Japan Association for Medical Informatics

[2-F-2-01] 臨中ネットにおけるリアルワールドデータ利活用のための基盤構築の取組み

*Takanori Yamashita1, Satoshi Yamashita2, Ryo Takemura3, Satomi Nagashima4, Akemi Morohashi2, Naoki Nakamura5, Michinori Aoe6, Hideo Gobara6, Kazuhiko Ohe4 (1. Kyushu University, 2. Nagoya University, 3. Keio University, 4. The University of Tokyo, 5. Tohoku University, 6. Okayama University)

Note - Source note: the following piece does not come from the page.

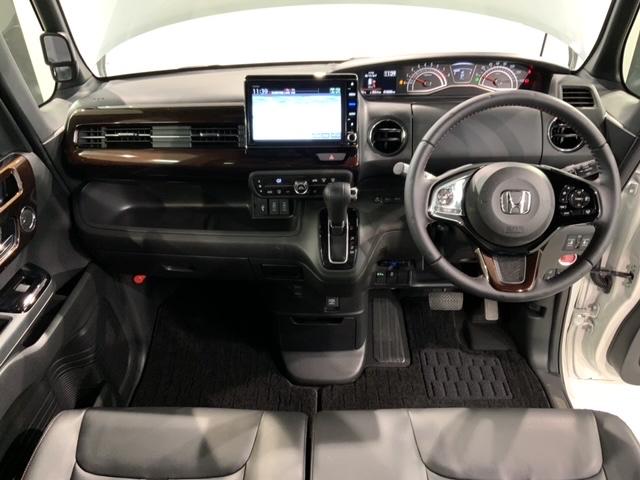 使いやすいレイアウトのダッシュボード周辺です。オートエアコンや小物入れなど嬉しい装備が満載です。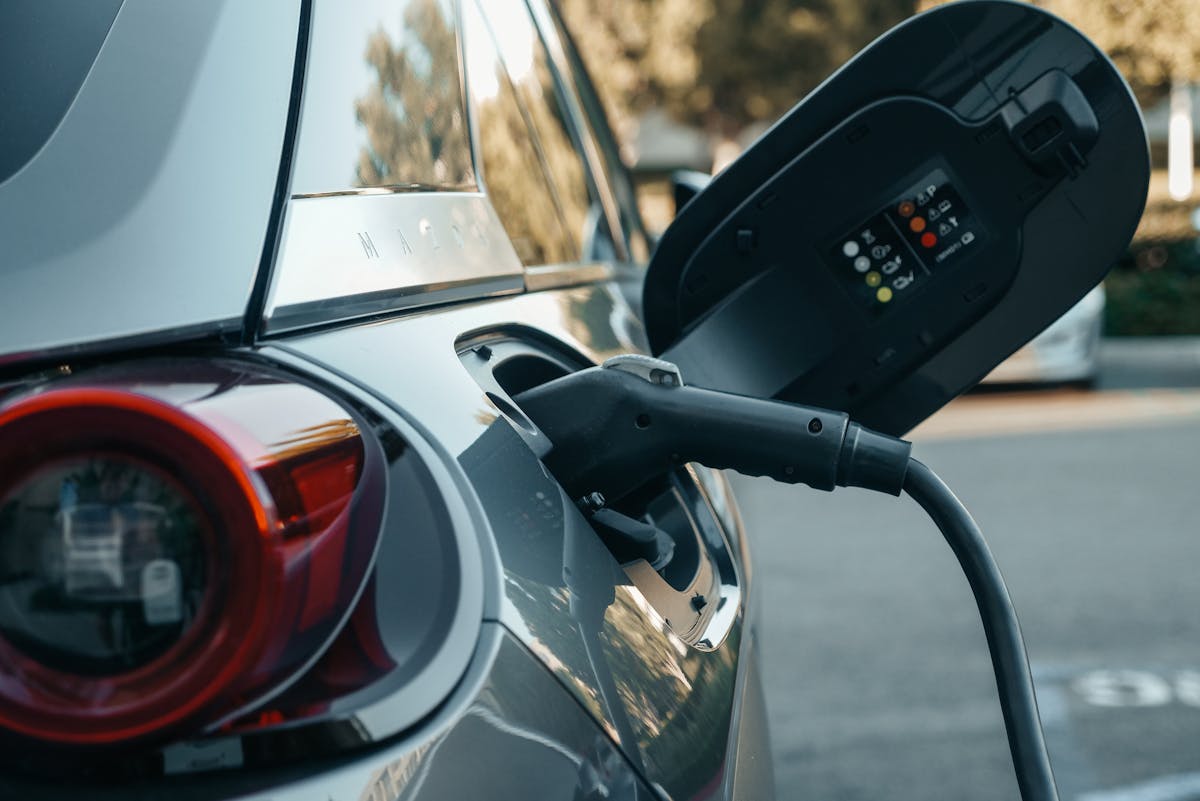 Wie beeinflusst die Elektromobilität die deutsche Autozuliefererindustrie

Real-World Data (RWD), SS-MIX2, Data quality management, Data validation

日々の診療で電子カルテに蓄積されるデータはリアルワールドデータ(以下、RWD)と呼ばれ、世界的に利活用が進められており、国家レベルでその技術獲得が推進されている。RWDは診療の重要情報を保持しているものの、生データの状態でのデータ解析は困難であり、RWD活用の成否はデータの品質が大きく影響する。さらに複数施設による統合解析のためには、データの品質課題を検証し、解決する必要がある。
臨中ネットでは、様々な臨床研究課題に対応できるデータ品質の高いRWD基盤整備のためにデータ蓄積からデータセット生成、その利活用を範囲として「データ項目の標準コード対応、データベースが保持する値の正確性、意味的な情報の保存性の検証、共通データベースの構築」の項目について各SWGで活動を進めている。
データの正確性と保存性の検証の取り組みとしては、電子カルテ〜SS-MIX2(またはDWH)間の品質管理のためにチェックリストとデータバリデーションツールを開発し、手順を整理した。チェックリストは、電子カルテデータとSS-MIX2データの整合性確認のために、各データ項目の一致件数や一致率を記録できる。ツールは、チェックリスト対象のデータを突合検証するためであり、その結果をチェックリストに反映できる。そして、品質保証確保のために品質管理作業の実施手順を定めたバリデーション手順書を作成した。令和2年度には、これらを用いて3施設でのデータ品質管理の作業を実施した。抽出された課題の対応とその評価のために2クール実施し、各施設とも第2クールで改善が見られた。一方、一定のデータ評価後の品質のレベル設定は現時点では定まっていない状況であり、品質管理指標や品質管理モデルについて議論している。シンポジウムでは、臨中ネットRWD基盤整備の状況を俯瞰的に報告し、臨中ネットデータ品質管理の内容について共有する。